* British navy chief warns over Scottish independence
* First Sea Lord says maritime defences would be weakened
* Nationalists argue Scottish defence has suffered under London rule
By Belinda Goldsmith
LONDON, April 15 (Reuters) - Scottish independence would weaken Britain’s maritime defences by splitting up bases, infrastructure and staff, the country’s navy chief said, the first serving military boss to give a view on the consequences if Scots vote to break away in September.
Writing in the Daily Telegraph newspaper on Tuesday, Admiral George Zambellas said the nations that remained in the United Kingdom if Scotland left the three-centuries-old union would cope eventually but Scotland would feel a “deeper impact”.
Scottish First Minister Alex Salmond faces increased pressure over defence issues in an apparently choreographed campaign this week ahead of the independence referendum scheduled for Sept. 18.
On Sunday defence and aerospace industries cautioned Scotland could lose its competitive edge because of uncertainty over the future of the currency and taxation..
A group of 12 retired military chiefs on Monday said moving to evict the nuclear submarine base from the Clyde River in the event of a “yes” vote would cost billions of pounds, cut thousands of jobs and create international resentment.
Defence Minister Philip Hammond will say in a speech to an electronics company in Scotland on Tuesday that shared defence forces provide “security and peace of mind” for the people of Britain and Scotland’s bond with the rest of the United Kingdom is “precious”.

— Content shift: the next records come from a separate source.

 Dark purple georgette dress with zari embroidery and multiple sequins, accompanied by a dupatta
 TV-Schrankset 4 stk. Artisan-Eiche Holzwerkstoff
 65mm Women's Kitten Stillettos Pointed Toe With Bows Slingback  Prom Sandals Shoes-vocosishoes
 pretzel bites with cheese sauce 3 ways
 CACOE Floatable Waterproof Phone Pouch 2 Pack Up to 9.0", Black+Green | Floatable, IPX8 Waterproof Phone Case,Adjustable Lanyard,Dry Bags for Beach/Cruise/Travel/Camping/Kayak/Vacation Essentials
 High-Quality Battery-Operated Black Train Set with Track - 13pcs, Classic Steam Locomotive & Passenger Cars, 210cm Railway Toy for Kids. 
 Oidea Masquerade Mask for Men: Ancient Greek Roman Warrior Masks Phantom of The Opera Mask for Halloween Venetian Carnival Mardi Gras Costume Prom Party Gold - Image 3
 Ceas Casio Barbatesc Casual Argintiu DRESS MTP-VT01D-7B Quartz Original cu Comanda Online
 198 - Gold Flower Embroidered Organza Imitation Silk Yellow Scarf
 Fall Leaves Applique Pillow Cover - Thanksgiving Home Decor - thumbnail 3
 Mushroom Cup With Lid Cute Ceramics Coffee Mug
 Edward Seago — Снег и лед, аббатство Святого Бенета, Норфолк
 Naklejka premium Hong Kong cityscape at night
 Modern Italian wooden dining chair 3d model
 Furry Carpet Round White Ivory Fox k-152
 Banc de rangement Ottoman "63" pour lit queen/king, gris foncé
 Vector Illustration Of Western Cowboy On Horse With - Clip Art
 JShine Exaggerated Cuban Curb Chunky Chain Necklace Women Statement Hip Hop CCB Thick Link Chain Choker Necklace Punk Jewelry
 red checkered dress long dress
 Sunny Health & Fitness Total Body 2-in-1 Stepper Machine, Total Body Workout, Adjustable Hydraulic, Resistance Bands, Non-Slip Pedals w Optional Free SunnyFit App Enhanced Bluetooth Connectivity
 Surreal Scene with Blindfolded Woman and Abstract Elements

He will also talk about the complexity of what he calls “protracted” negotiations on the future of nuclear-armed submarines should Scotland vote for independence.
Zambellas said he believed independence would “fundamentally change maritime security for everyone in the United Kingdom” and damage the heart of the navy’s capabilities.
“While the continuing United Kingdom would eventually adapt and cope, the deeper impact would be felt in Scotland, which would no longer have access of right to the security contribution of one of the finest and most efficient navies in the world,” he wrote.
“The effectiveness of the Royal Navy, following separation, would weaken the security of both nations.”
As well as being the home for Britain’s four Trident nuclear-armed submarines, the Royal Navy has 16 ships and submarines and two commando units based in Scotland that employ about 5,250 people.
The Scottish National Party (SNP), which runs Scotland’s devolved parliament, has promised to negotiate to maintain all military bases in Scotland if there is a Yes vote in September and before independence in March 2016.
After 2016, the party has vowed it would remove and ban all nuclear weapons in the first parliament of independence, which would mean the sure eviction of the Clyde River base, with the rest to be negotiated.
The argument for independence is that Scotland will be better off making decisions on its own - including about its considerable energy resources - rather than have policies dictated by London.
SNP defence spokesman Angus Robertson said Westminster was to blame for a multi-billion-pound defence underspend in Scotland and the loss of more than 11,000 jobs in the last decade.
“Under Westminster, Scotland has nuclear weapons that we don’t need or want but not the naval vessels and marine defences that a nation with our size of coastline and strategic position should have,” Robertson said in a statement.